Signed-off-by: Yu-Zhewen <zhewenyu at amd.com>

Added: 
    

Modified: 
    mlir/lib/Interfaces/Utils/InferIntRangeCommon.cpp
    mlir/test/Dialect/Affine/int-range-interface.mlir

Removed: 
    


################################################################################
diff  --git a/mlir/lib/Interfaces/Utils/InferIntRangeCommon.cpp b/mlir/lib/Interfaces/Utils/InferIntRangeCommon.cpp
index 21f07ddce4495..c9f49fda726e7 100644
--- a/mlir/lib/Interfaces/Utils/InferIntRangeCommon.cpp
+++ b/mlir/lib/Interfaces/Utils/InferIntRangeCommon.cpp
@@ -854,12 +854,14 @@ mlir::intrange::inferAffineExpr(AffineExpr expr,
       umax = lhsMax;
     }
     // Special case: sweeping out a contiguous range with constant divisor.
-    // Only applies when dividend is non-negative to ensure result range is
-    // contiguous.
+    // Only applies when dividend is non-negative and the range does not
+    // cross a modulus boundary (same quotient), ensuring contiguity.
     else if (rhsMin == rhsMax && lhsMin.isNonNegative() &&
-             (lhsMax - lhsMin).ult(rhsMax)) {
-      // For non-negative dividends, Euclidean mod is same as unsigned
-      // remainder.
+             (lhsMax - lhsMin).ult(rhsMax) &&
+             lhsMin.udiv(rhsMax) == lhsMax.udiv(rhsMax)) {
+      // For non-negative dividends within the same modular period,
+      // Euclidean mod is same as unsigned remainder and the result is
+      // contiguous.
       umin = lhsMin.urem(rhsMax);
       umax = lhsMax.urem(rhsMax);
       // Result should be contiguous since we're not wrapping around.

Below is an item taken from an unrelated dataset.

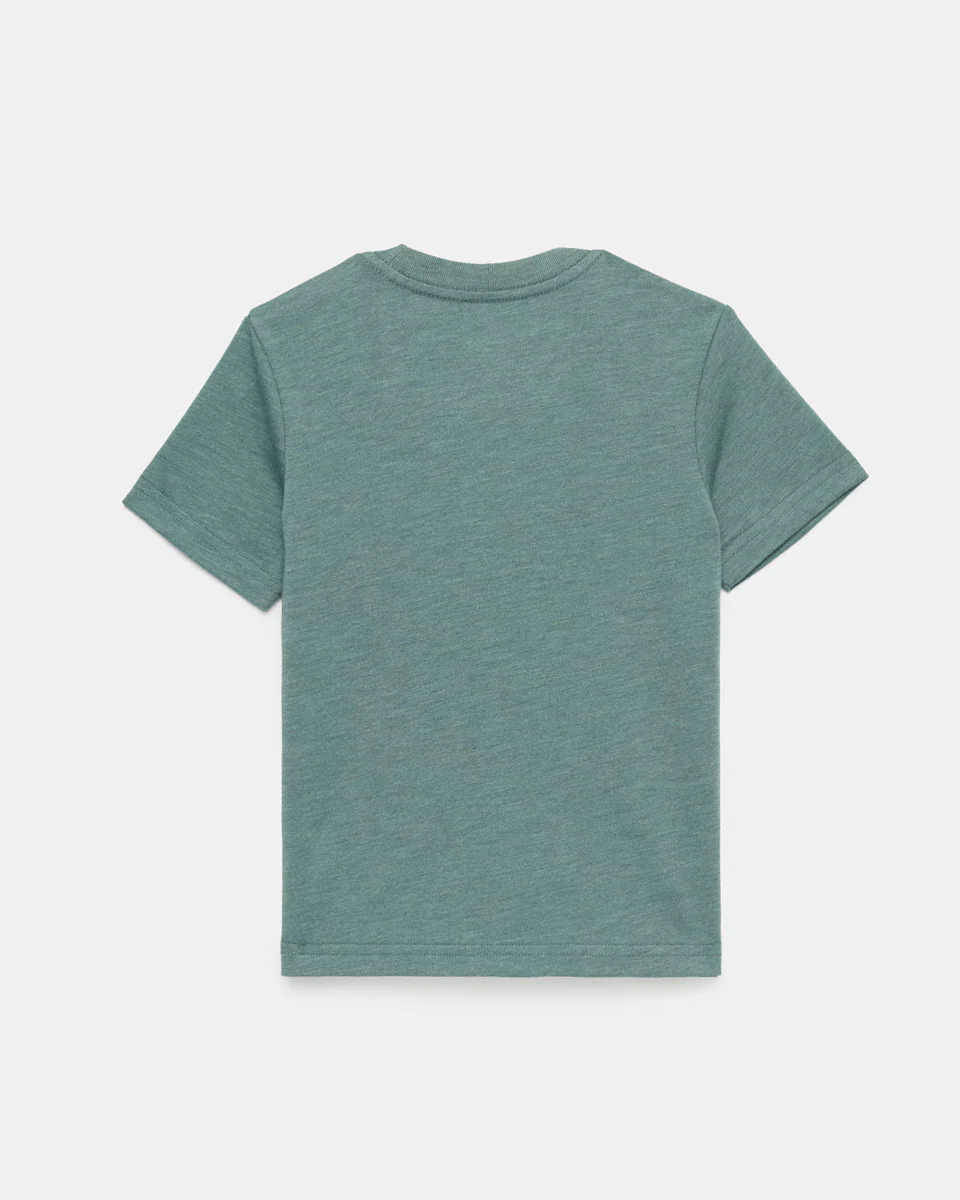 Hug A Tree T-Shirt - Image 3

diff  --git a/mlir/test/Dialect/Affine/int-range-interface.mlir b/mlir/test/Dialect/Affine/int-range-interface.mlir
index ca8df8a9e5788..ac64ad09ee244 100644
--- a/mlir/test/Dialect/Affine/int-range-interface.mlir
+++ b/mlir/test/Dialect/Affine/int-range-interface.mlir
@@ -147,6 +147,18 @@ func.func @affine_apply_mod_variable_divisor() -> index {
   func.return %1 : index
 }
 
+// CHECK-LABEL: func @affine_apply_mod_cross_boundary
+// CHECK: test.reflect_bounds {smax = 7 : index, smin = 0 : index, umax = 7 : index, umin = 0 : index}
+func.func @affine_apply_mod_cross_boundary() -> index {
+  %d0 = test.with_bounds { umin = 14 : index, umax = 17 : index,
+                           smin = 14 : index, smax = 17 : index } : index
+  // Range [14, 17] spans a mod-8 boundary (at 16): 14%8=6, 17%8=1.
+  // Span 3 < 8 but the range wraps, so we fall back to [0, 7].
+  %0 = affine.apply affine_map<(d0) -> (d0 mod 8)>(%d0)
+  %1 = test.reflect_bounds %0 : index
+  func.return %1 : index
+}
+
 // CHECK-LABEL: func @affine_apply_mod_negative_dividend
 // CHECK: test.reflect_bounds {smax = 3 : index, smin = 0 : index, umax = 3 : index, umin = 0 : index}
 func.func @affine_apply_mod_negative_dividend() -> index {